Has China Changed Me? Reflecting on Flexibility, Finance and Food


Recently watching Whisky Tango Foxtrott (great movie btw, Tina Fey, you are my hero) and all this talk of the “Kabubble” inspired me to take a close look at myself and how my behaviour has changed after three years in China and…what would you call it? The Bebble? The Beijubble? I’ll have to work on that. Anyway, without much ado, here are the main ways in which being in China and with a Chinese husband have changed both my thoughts and actions.

1. The Value of Family 

When I was 18 I couldn’t wait to get out of Germany and see the world. I was never a person to miss home easily when there were so many wonders to be discovered. Being in China has changed my outlook in this regard at least a little. I would now consider moving back to Germany, a country I had thought I had turned my back on forever, partly because it would mean being closer to my family. Maybe I’m just getting old and sentimental. But mostly it’s China. The importance of family here and the value placed on it has increased the value I place on my own family in my life. Tough to my husband’s dismay that doesn’t necessarily relate to a number of his more…shall we say interesting…relatives.
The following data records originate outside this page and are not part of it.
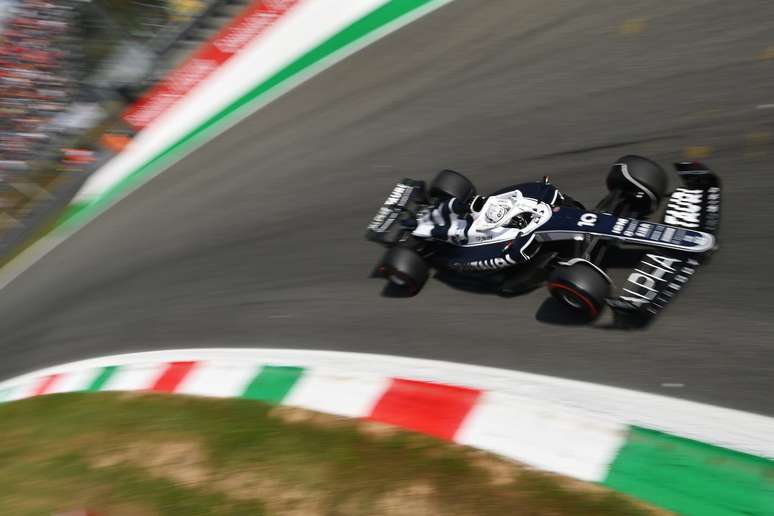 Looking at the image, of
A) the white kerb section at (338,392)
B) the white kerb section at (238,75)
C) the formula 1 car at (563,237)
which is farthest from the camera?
the white kerb section at (238,75)

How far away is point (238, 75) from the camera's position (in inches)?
476

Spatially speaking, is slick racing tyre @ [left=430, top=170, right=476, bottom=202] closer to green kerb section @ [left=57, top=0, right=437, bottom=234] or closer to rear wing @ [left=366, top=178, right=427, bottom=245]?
rear wing @ [left=366, top=178, right=427, bottom=245]

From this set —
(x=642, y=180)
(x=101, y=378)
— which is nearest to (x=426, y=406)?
(x=642, y=180)

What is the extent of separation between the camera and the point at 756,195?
532cm

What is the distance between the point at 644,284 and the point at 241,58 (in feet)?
31.7

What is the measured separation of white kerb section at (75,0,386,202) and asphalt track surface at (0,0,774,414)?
1.01m

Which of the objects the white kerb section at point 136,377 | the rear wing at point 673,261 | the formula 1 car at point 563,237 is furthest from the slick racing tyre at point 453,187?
the white kerb section at point 136,377

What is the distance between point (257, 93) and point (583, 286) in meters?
8.28

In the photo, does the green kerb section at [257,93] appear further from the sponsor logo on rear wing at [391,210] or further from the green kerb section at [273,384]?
the green kerb section at [273,384]

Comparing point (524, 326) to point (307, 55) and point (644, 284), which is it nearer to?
point (644, 284)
And while we are being honest they are probably the main reason I appreciate how normal and drama free my own childhood was.
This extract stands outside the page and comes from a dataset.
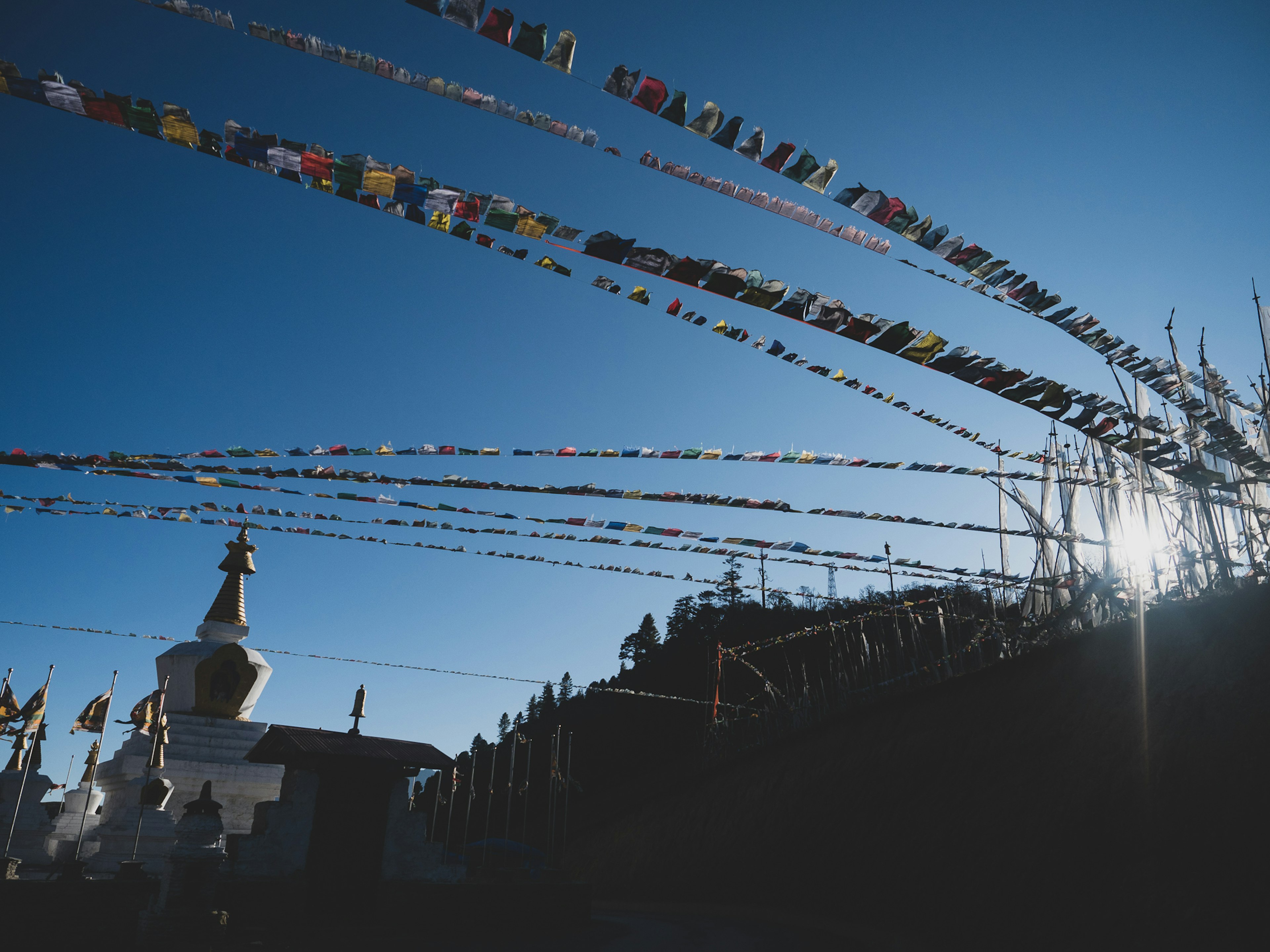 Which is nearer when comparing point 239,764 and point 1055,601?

2. Opportunity for Pickiness 

Career-wise I think moving to China was both a blessing and a curse in disguise. Having had little practical experience in journalism, I would have never been able to find such work in the UK. China gave me a start into written journalism and then the opportunity to work for the country’s largest broadcaster. To be perfectly honest the main reason is my Caucasian descent, which in the past equaled unimaginable opportunities in China (as more talented people flood into the Land of the Dragon this trend is starting to shift). Being able to speak the local language also helps of course. The problem, if you want to call it that, is that now I have tasted blood and want to stay in this line of work – and I feel I am entitled to pursue this career dream – something I would never even have dared consider back in Europe. It won’t make life easier, that’s for sure. But if it works out, it will be a whole lot more fun.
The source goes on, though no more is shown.